Sir Anthony Carlile, a doctor at Westminster Hospital visited some
textile mills in 1832. He later gave evidence to the House of Commons
on the dangers that factory pollution was causing for the young people
working in factories: "labour is undergone in an atmosphere heated
to a temperature of 70 to 80 and upwards". He pointed out that
going from a "very hot room into damp cold air will inevitably
produce inflammations of the lungs".
Doctors were also concerned about the "dust from flax and the
flue from cotton" in the air that the young workers were breathing
in. Dr. Charles Aston Key told Michael Sadler
that this "impure air breathed for a great length of time must
be productive of disease, or exceedingly weaken the body". Dr.
Thomas Young who studied textile workers in Bolton reported that factory
pollution was causing major health problems.

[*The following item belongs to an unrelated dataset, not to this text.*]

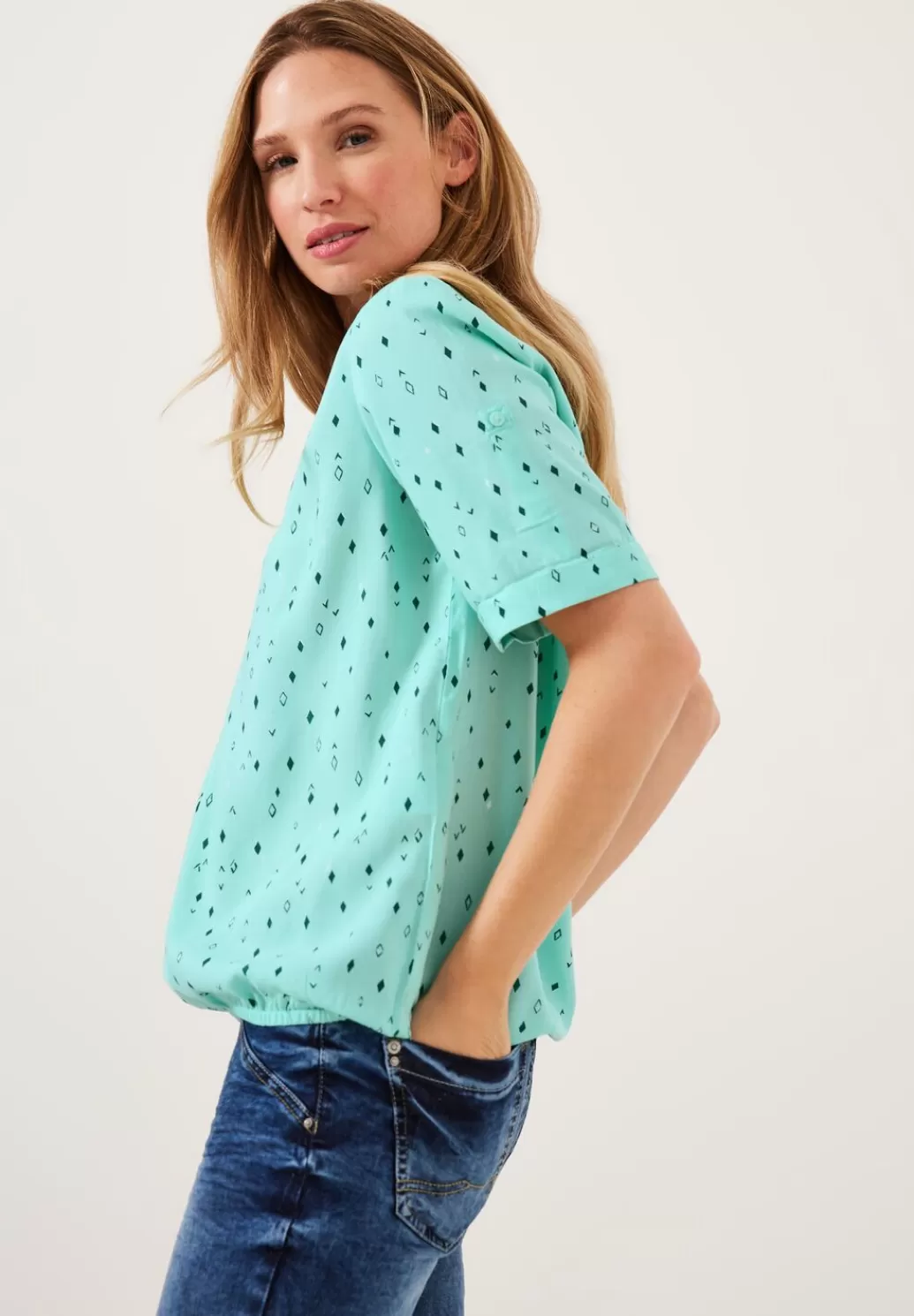 Street One Bluse Mit Allover Print^Damen Kurzarm Blusen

Most young workers complained of feeling sick during their first few
weeks of working in a factory. Robert Blincoe
said he felt that the dust and flue was suffocating him. This initial
reaction to factory pollution became known as mill fever. Symptoms
included sickness and headaches.
The dust and floating cotton fibre in the atmosphere was a major factor
in the high incidence of tuberculosis, bronchitis, asthma and byssinosis
amongst cotton workers.
Child
Labour Debate Activity (International School of Toulouse)
Child
Labour Simulation (Spartacus Educational)
(1)
Dr. Ward from Manchester was interviewed
about the health of textile workers on 25th March, 1919.
I
have had frequent opportunities of seeing people coming out from the
factories and occasionally attending as patients. Last summer I visited
three cotton factories with Dr. Clough of Preston and Mr. Barker of
Manchester and we could not remain ten minutes in the factory without
gasping for breath. How it is possible for those who are doomed to
remain there twelve or fifteen hours to endure it? If we take into
account the heated temperature of the air, and the contamination of
the air, it is a matter of astonishment to my mind, how the work people
can bear the confinement for so great a length of time.
(2)
William Cobbett reported a visit to a
textile factory in the Political Register that he made in September,
1824 (20th November, 1824).
The
1st, 2nd and 3rd of September were very hot days. The newspapers told
us that men had dropped down dead in the harvest fields and the many
horses had fallen dead in the harvest fields and that many horses
had fallen dead upon the road. Yet the heat during these days never
exceeded eighty-four degrees in the hottest part of the day. What,
then, must be the situation of the poor children who are doomed to
toil fourteen hours a day, in an average of eighty-two degrees? Can
any man, with a heart in his body, and a tongue in his head, refrain
from cursing a system that produces such slavery and such cruelty.
(3)
Frank Forrest, Chapters in the Life of a Dundee Factory Boy
(1850)
About
a week after I became a mill boy, I was seized with a strong, heavy
sickness, that few escape on first becoming factory workers. The cause
of the sickness, which is known by the name of "mill fever",
is the contaminated atmosphere produced by so many breathing in a
confined space, together with the heat and exhalations of grease and
oil and the gas needed to light the establishment.
(4)
William Dodd, A Narrative of William Dodd,:
A Factory Cripple (1841)
One
great cause of ill health to the operatives in factories is the dust
and lime which is continually flying about. Animal skins are soaked
in a strong solution of lime. The lime gets intermixed with the wool
and hair. It is put through the teaser in order to shake out the lime
and dust. The machine, and all around, are covered with the lime and
dust. The result is difficulty of breathing, asthma, etc.
(5)
Edward Baines, The History of the Cotton
Manufacture (1835)
The
noise and whirl of the machinery, which are unpleasant and confusing
to a spectator unaccustomed to the scene, produce not the slightest
effect on the operatives habituated to it. The only thing that makes
factory labour trying is that they are confined for long hours, and
deprived of fresh air: this makes them pale, and reduces their vigour,
but it rarely brings on disease. The minute fibres of cotton which
float in the rooms are admitted, even by medical men, not to be injurious
to young persons.
(6)
In 1835 Andrew Ure described life in the textile
factories in his book, The Philosophy of Manufactures.
On
my recent tour through the manufacturing districts, I have seen tens
of thousands of old, young and middle-aged of both sexes earning abundant
food, raiment, and domestic accommodation, without perspiring at a
single pore, screened meanwhile from the summer's sun and the winter's
frost, in apartments more airy and sulubrious than those of the metropolis
in which our legislature and fashionable aristocracies assemble.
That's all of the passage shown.